For Bob McIlvaine’s son, it was the injuries found on his son Bobby’s head, arm and skin that made him think the hijacked jetliner and building collapse couldn’t have done it. He believes that explosives were detonated in the towers’ basement before the planes hit the towers.

‘My son was murdered’

McIlvaine has not been able to determine where his son was when he died, but from the injuries — which include skin that was burned post-mortem — he assumes that his son was in or near the tower’s lobby. McIlvaine questions the government’s explanation that a fireball came down through the elevator shafts and burned those in the lobby. “I spend three hours a day, every day, doing research on 9/11,” said McIlvaine. “To me, this was a murder investigation. My son was murdered.”

Tom Theimer watched the World Trade Center crumble while drinking coffee and watching television in his suburban Dallas home. Shaken, he bought flags for his porch and bumper stickers for his car reading “We will never forget.”

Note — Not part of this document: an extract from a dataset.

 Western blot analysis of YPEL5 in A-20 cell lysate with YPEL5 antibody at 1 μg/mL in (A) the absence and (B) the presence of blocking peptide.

A few years later, a friend of Theimer’s wife casually mentioned that 9/11 “was an inside job.” Theimer was livid and turned to the Internet, to prove the friend wrong. The websites, the books and the documentaries he saw online persuaded him. He was wrong, and so was the system. “I was duped,” Theimer said. “It really hurt. I cried. I couldn’t sleep for months.”

Theimer said that he and others in Dallas are planning to show a new 9/11 documentary on the 10th anniversary. Remember Building 7 is trying to raise $1 million by Sept. 11 to support a new investigation into the collapses. A conference on alternate 9/11 theories is being held in Toronto on Sept. 11.

Shooters on the grassy knoll

The conference is headed by the International Centre for 9/11 Studies, which was founded by James Gourley, a 31-year-old Dallas-area attorney who began to question the events of Sept 11 during law school, while watching an activist make his argument on C-Span.

Gourley is aware of the theories about how skeptics are simply trying to justify and explain a random, horrific event. “It’s basically a backwards way of saying we’re psychologically deranged,” he said. “It’s questioning the psychology of the people instead of questioning the facts.”

Even in the heart of the conspiracy theory world, some find the alternate theories hard to believe. At Dealey Plaza in downtown Dallas, Scott Dew hawked commemorative Kennedy assassination newspapers to tourists, standing under an oak tree, just steps from a white “X” painted on the asphalt that marks where President Kennedy was assassinated in 1963.

Dew’s newspapers — which cost $5 each and come encased in a plastic sleeve — devote several pages and diagrams to the varying theories of bullet projectiles and second shooters on the grassy knoll.

Kennedy’s assassination was “a conspiracy by the government,” Dew says. “Back then, in ’63, this was a money and power deal.” But Sept. 11? A conspiracy? He shakes his head. “I believe bin Laden was the attacker. I don’t believe the other theories that President Bush or the government had anything to do with it. That would just be a little too sinful,” he said.

Tamara Lush is an Associated Press journalist travelling through the United States and writing about the 10th anniversary of the 9/11 attacks.